George Monbiot’s Guardian article about access to journal articles prompted a vigorous debate in certain corners of the blogosphere, some of the fruits of which I have gathered here (having purloined them from a Facebook friend; I would gladly post a link to his website or blog, only he doesn’t have one!)
My idea that academic articles might be illegally file-shared turns out to be anything but far-fetched, as this excellent piece by Matthew Ingram highlights. Disquietingly, it also notes how publication via open-access platforms could prove to be “a career-limiting move for an academic” in a world where professional progression necessitates work appearing in the right journals. That said, not all academic institutions are complicit in this; Princeton for one seems to be pursuing a more enlightened approach with its academics and their output, albeit one with at least one major caveat as things stand at present.
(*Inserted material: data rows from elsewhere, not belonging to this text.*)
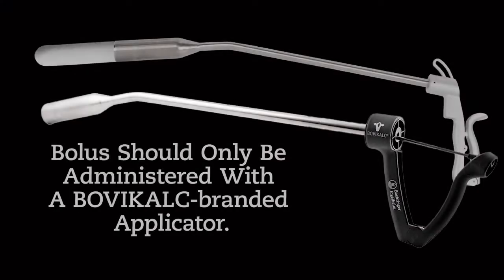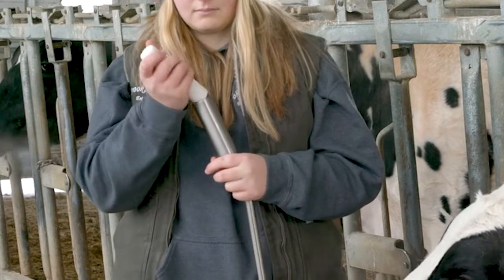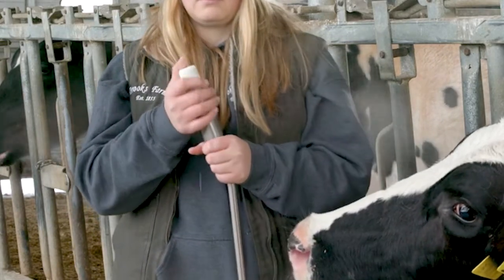Each bolus should only be used with a BovaCalc branded applicator. Place the bolus in the applicator with the rounded end pointing outward.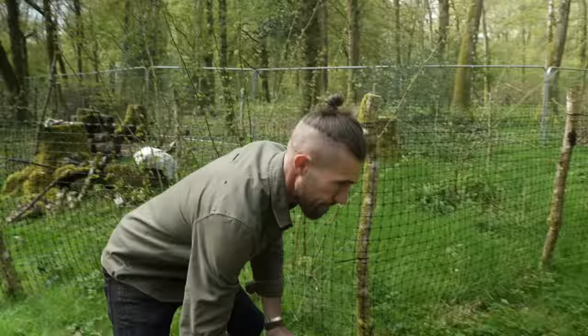Hi everyone, welcome back to another episode of the Woodland Life series. I'm here with Ben in his woods and in this episode he's going to be showing you all about how to make a wooden roof tile or a shingle, sometimes they're called shakes. So without further ado let's head on over to Ben and learn how to make them.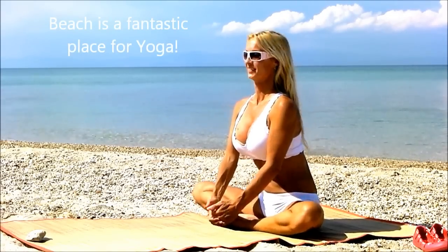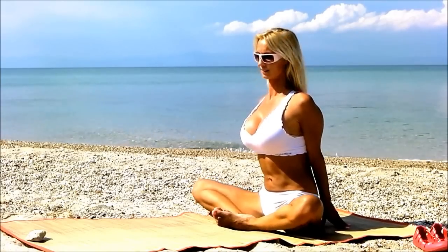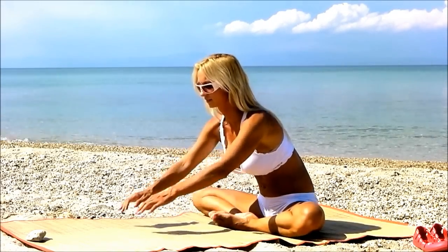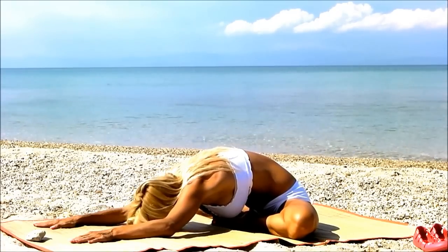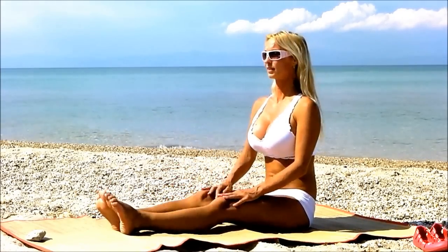Would you like to be here with me? So subscribe for hot yoga poses of the day and leave a comment below my video — which is your favorite yoga pose, or which yoga pose you would like to see next.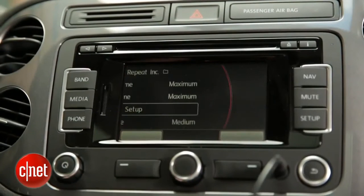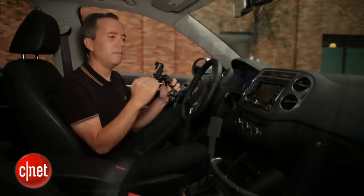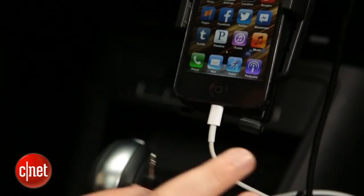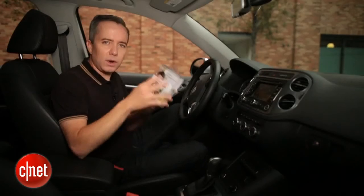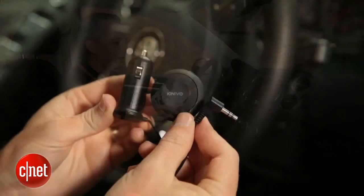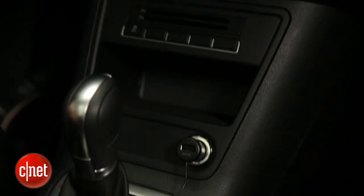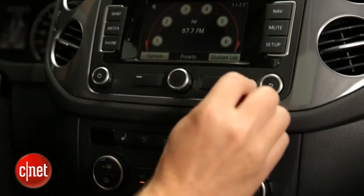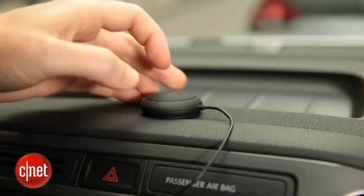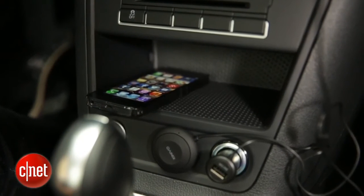If your stereo supports Bluetooth, you can still invest in a cradle just to have your phone positioned towards you, but you can cut that aux cable connection by going over Bluetooth. If you don't have a Bluetooth connection in your stereo and you don't want to deal with the clutter of the cradle, you can go with a Bluetooth adapter kit. These things plug right into your aux input and still give you all the benefits of Bluetooth — you can take calls with a built-in microphone, listen to music — without dealing with all that clutter.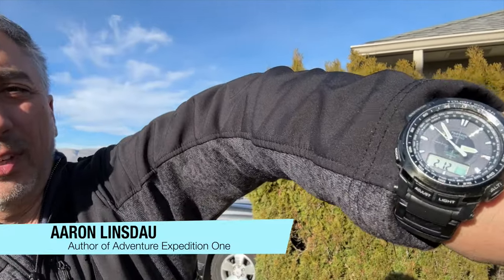In this video, I'm going to show you how to use your basic analog watch as a compass in the field.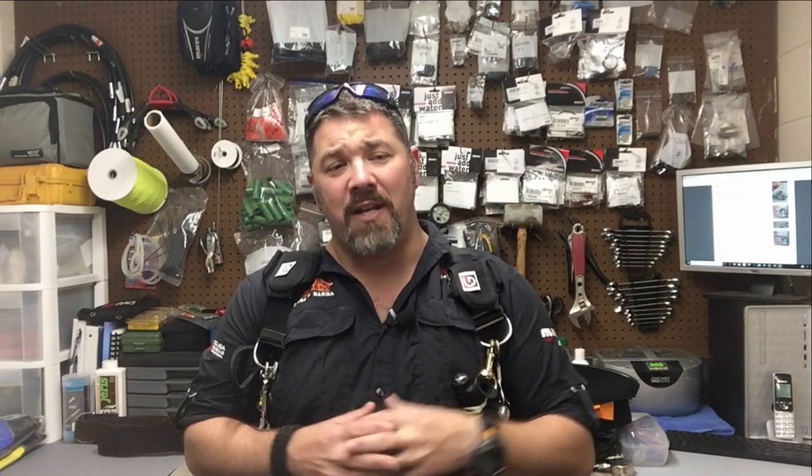What's up guys? It's Brian again from Lake Hicker, Scoobin' Marina, and today we're going to be talking about sidemount diving and some of the caveats to diving the system the way I do.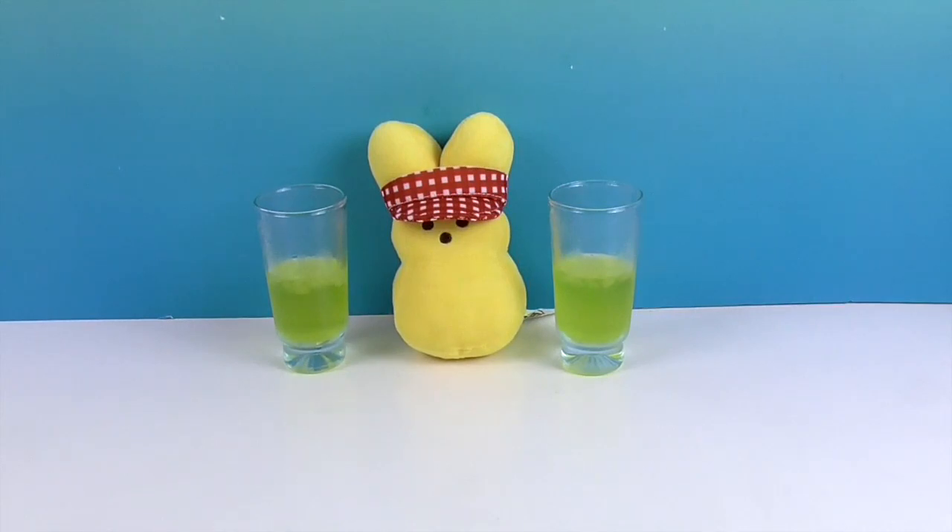He stirred it himself — he's like, "That'll be five dollars a glass." All right, so there you have the Peeps lemonade for this season. I thought it was a fun thing to try, and I definitely think if you're a fan of Peeps and lemonade, you will definitely like this. It makes 32 ounces, so that's awesome. Thank you so much for watching — as always, come back and see us, like, subscribe, and we will see you next time!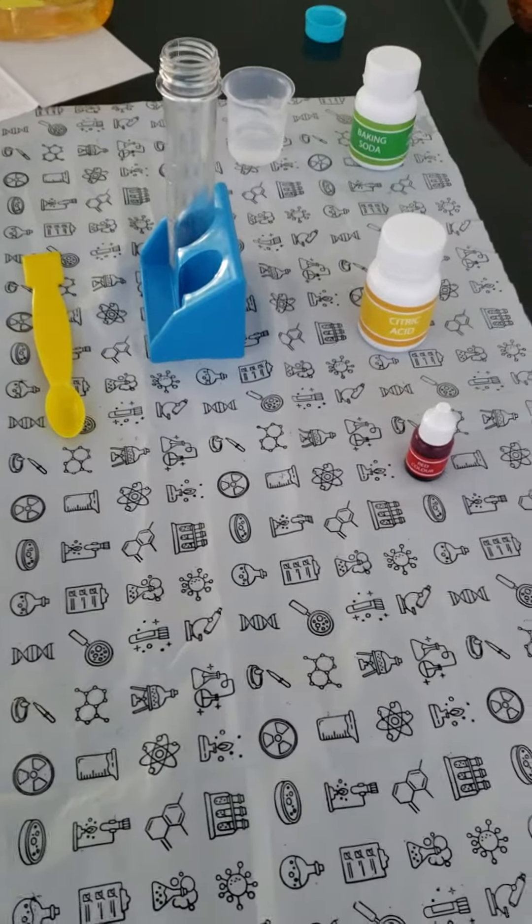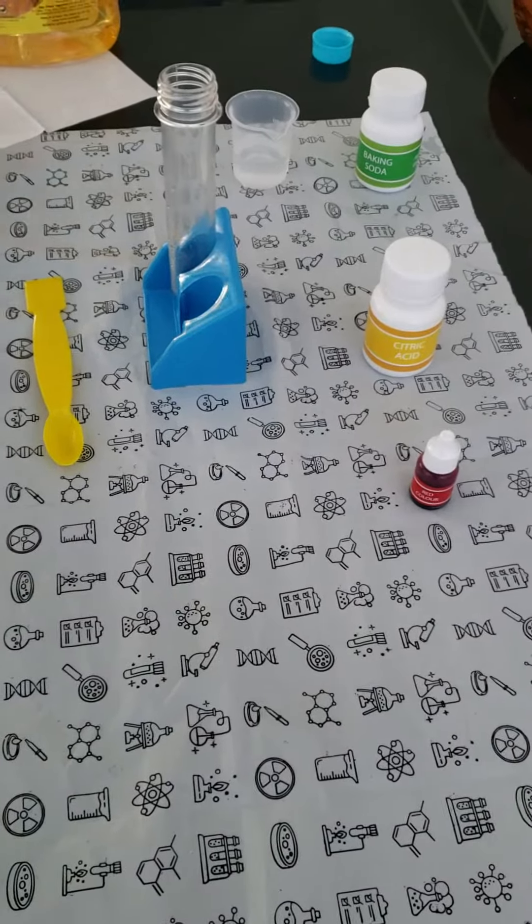This is underwater, welcome to the test. Now we are starting the test. Pour 10 ml water in the test tube.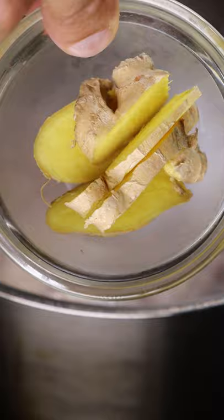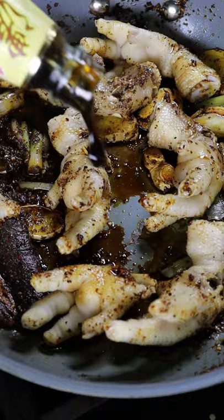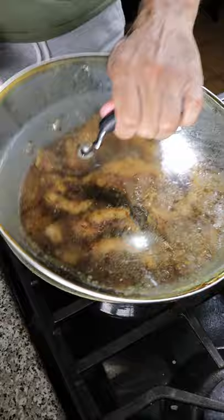In a pan add oil, ginger, garlic, cinnamon, star anise, Szechuan peppercorns, chili powder, soy sauce, oyster sauce, some sugar, vegetable stock and let this reduce.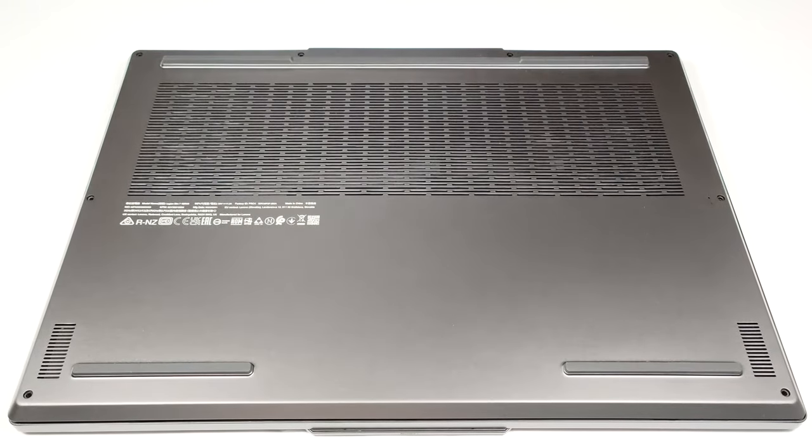Hello, this is Nick from Laptop Media and today we will show you how to open the Lenovo Legion Slim 7i 16 Gen 8.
The matter of the high price of some academic books was something I hadn’t considered in this context until I read a post by Jeffrey Cohen on the excellent In The Middle blog. Prior to becoming impoverished – financially, that is – by travelling, I used to think nothing of spending large sums of money each month buying such books. Admittedly most were sourced through Amazon Marketplace, which got around the high cost of some first-hand volumes (and what’s a scuffed or stained cover when it spends most of its life on a shelf between other books?), plus I have a tendency to ask Santa for more expensive publications, but it’s certainly going to be an issue for me now that I can no longer easily access a university library with a first-class medieval reference collection. Again file-sharing is one (illegal) answer – as I alluded to in my post on e-books a couple of months ago – but it would seem that a lot of the onus for broadening the availability of books should fall upon their publishers. From what Cohen writes it seems some are more flexible and innovative in making changes for the better than others.